What exacerbates this problem in our contemporary ("postmodern") cultural situation is, of course, the decline of authentic religious belief (and hence of the moral language associated with it, which was until recently a common moral language). A corollary of that has been the collapse of a classical conception of human nature and the resulting loss of any common language about human nature. The Synod's Instrumentum Laboris (n. 21) explicitly touched on this when it noted that "the concept of natural law today turns out to be, in different cultural contexts, highly problematic, if not completely incomprehensible."
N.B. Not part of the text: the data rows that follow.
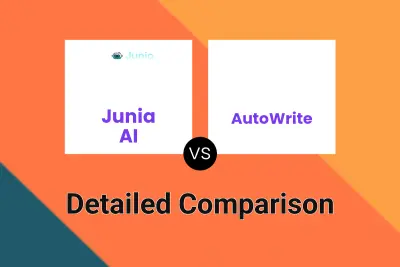 Junia AI vs AutoWrite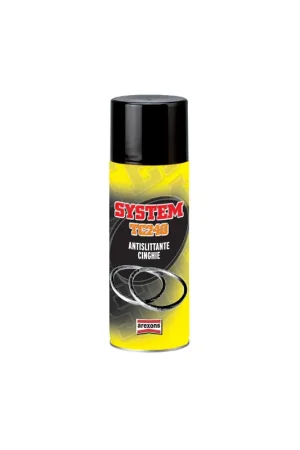 Prezzo Scontato Arexons Antislittante Cinghie SYS TC240 ml 400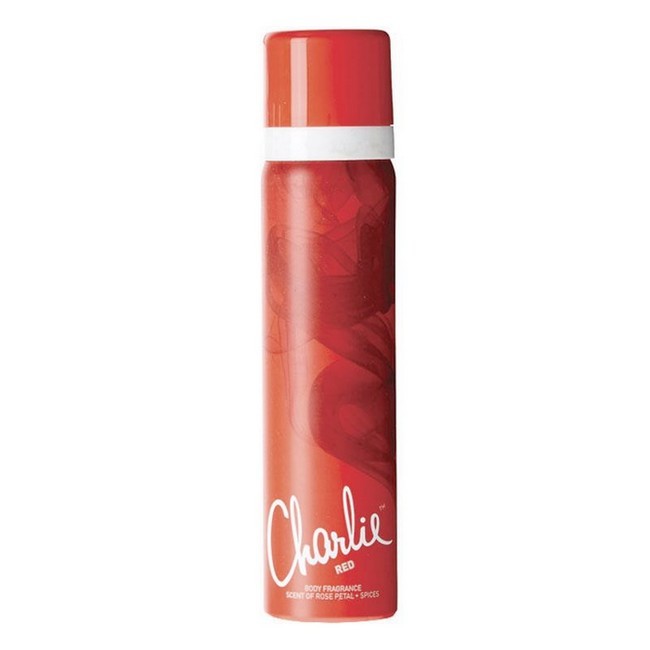 Revlon - Charlie Red Body Spray - 75 ml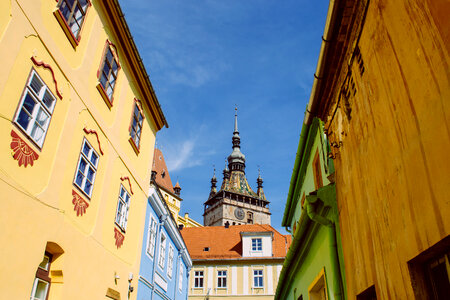 Sighisoara Old Town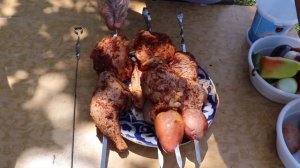 Мы готовим в тандыре сами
Some sort of natural law reasoning, some common conception and shared language about human nature seems essential if the church is to speak to the wider world about moral matters and say something comprehensible in a pluralistic society. What happens in a postmodern world in which there are (as many of Alan Wolfe's respondents believe) "so many ways of being human." (Cf. Alan Wolfe, Moral Freedom: the Search for Virtue in a World of Choice, Norton, 2001, p. 83). Are we then left, sadly, with therapeutic-sounding language as the only approximation we still have to a common moral language?

It seems to me that a cura animarum rooted in accompanying people according to "the law of gradualness" is inevitably part of any effective response to such a situation. But we cannot assume or expect that it will satisfy everyone - at either extreme of the debate.